Illustration by Frances Brundage (1854–1937)

Whaddup 2013?

Because I thrive on disappointment and regret, I have decided to again make some New Year's resolutions. But this year I'm punching Baby New Year in his wee noisemaker and keeping things on the list a bit mo' real. "Aim low!" That's my motto for 2013.

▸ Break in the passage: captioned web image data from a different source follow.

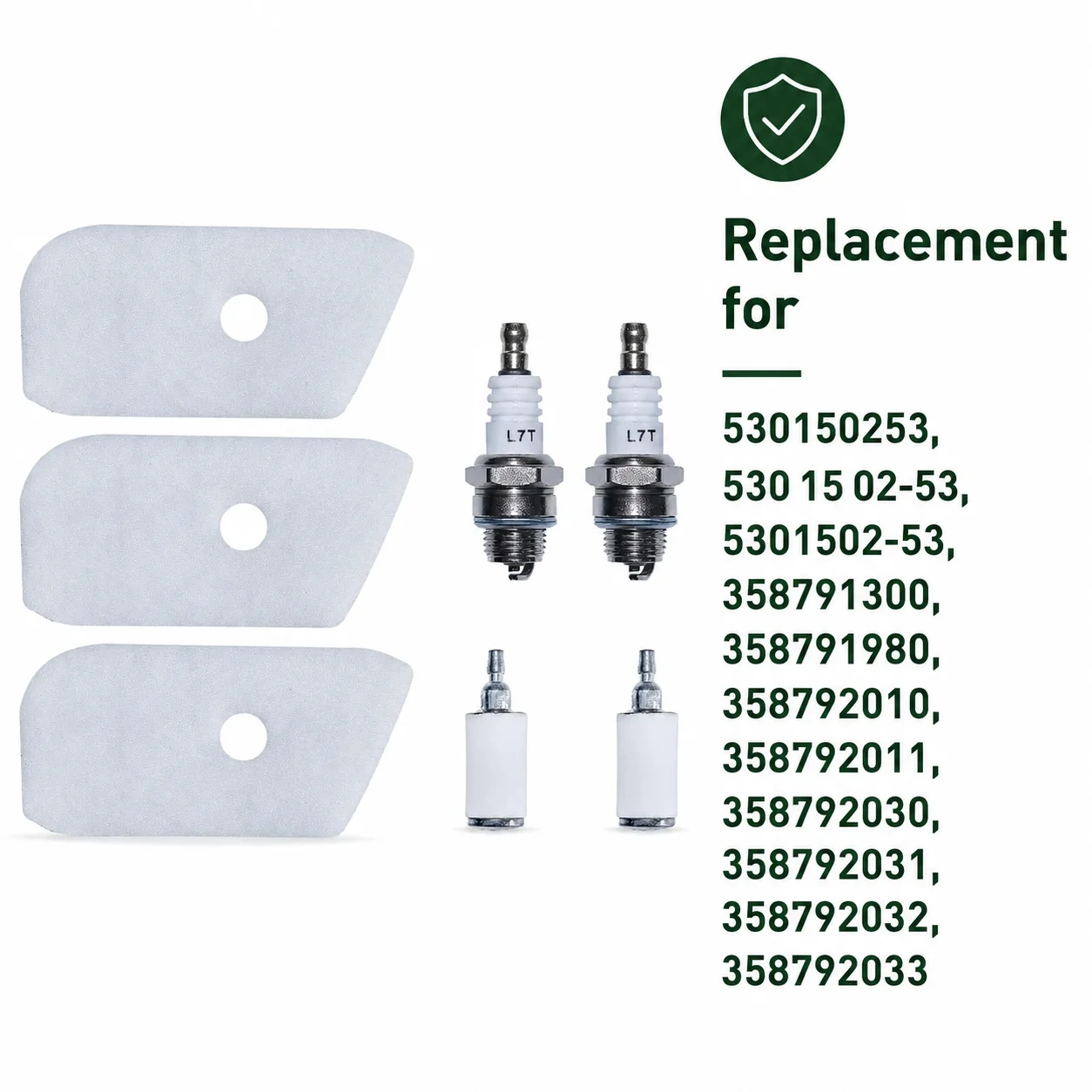 Air Filter Spark Plug Fuel Filter Kit For Husqvarna 125Rj 128Ld 128Ldx 128Cd 128R Trimmer Parts 5301502-53 358791300 358792010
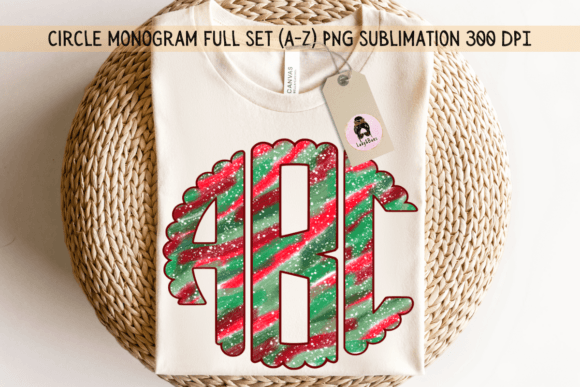 Download Xmas Brush Strokes Snow Fall Monogram - Xmas brush Collection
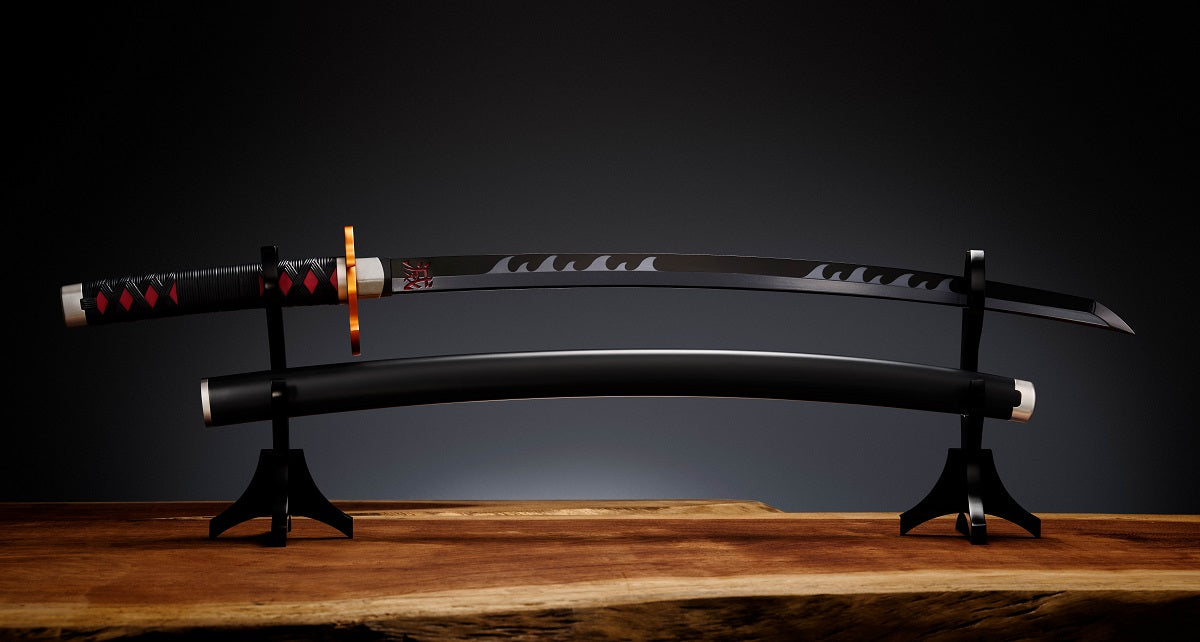 Bandai Proplica Demon Slayer: Kimetsu no Yaiba Tanjiro Kamado Nichirin Sword with Kyojuro Rengoku's Sword Guard - Anime Collectible Replica for Cosplay, Display, and Gift Giving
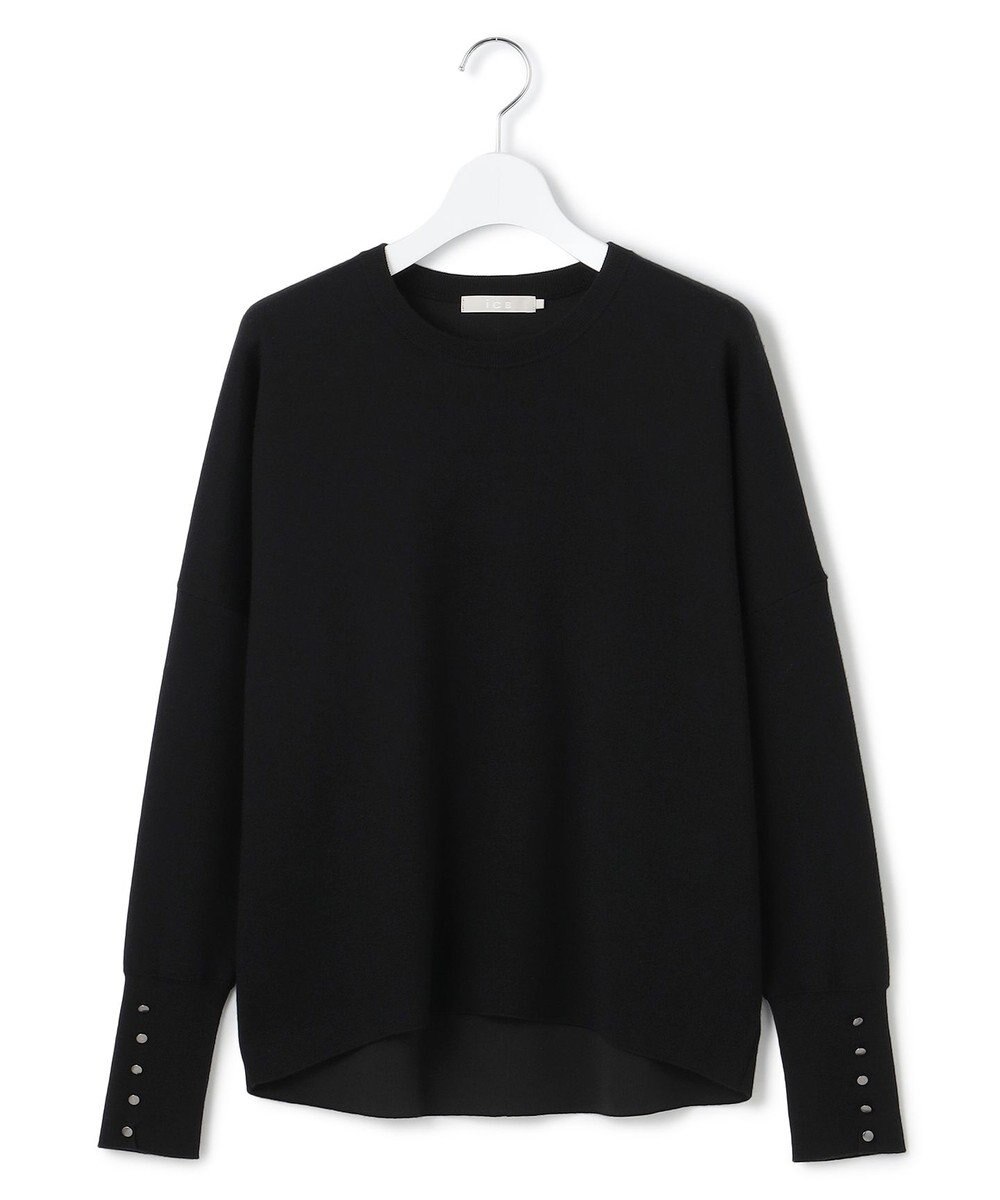 ICB 【洗える】 シルキーウールダブルフェイス ニットプルオーバー 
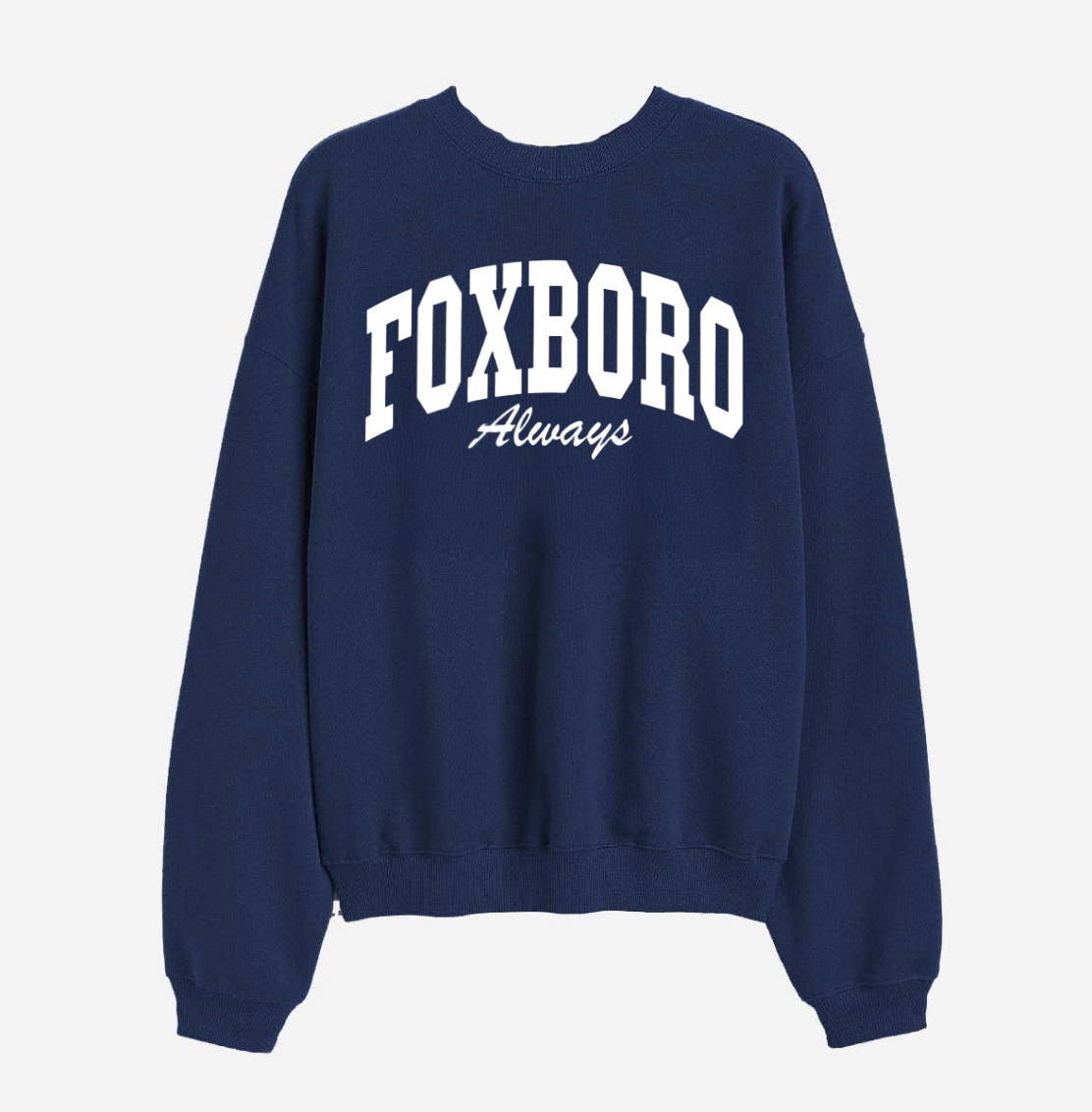 Foxboro Always Navy Crewneck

  1. Step up the "Don't Have Children, Get a Dog!" campaign among new couples or anyone planning on procreating. This was my 2012 brainchild that had only just begun to take form. I'm planning on maybe a book or a website or at least a mission statement for the sometime distant future. Or not. "Aim low!"
  2. Write a book. Or start a book. Or think about a book. Maybe write an outline. Whatever...
  3. Work out at least 30 minutes a week.
  4. See a minimum of one doctor.
  5. Plan my funeral slide show. You never know! I want to be ready. And I want it to have cat breading.
  6. And on that note... Create an urn for my dead, cremated self.
  7. Find another pair of perfect work pants and perhaps burn current work pants.
  8. Figure out a way to make a few more thousand dollars. Or a few more dollars.
  9. Take down my Etsy site until I have something worthwhile to sell. No planned date for that. 
  10. Fix one thing that is falling apart in my house.
OH MAN! That feels great! I'm pretty sure that I will look back on 2013 and shine like a fucking ROCK STAR!!!

...And THAT ladies and gentlemen is how you write a New Year's resolution list.


  1. Omg Sharon, is one of your goals to make me laugh out-loud? Achieved. I just read this entire post out loud to chad and we both love it.
    2013- woo!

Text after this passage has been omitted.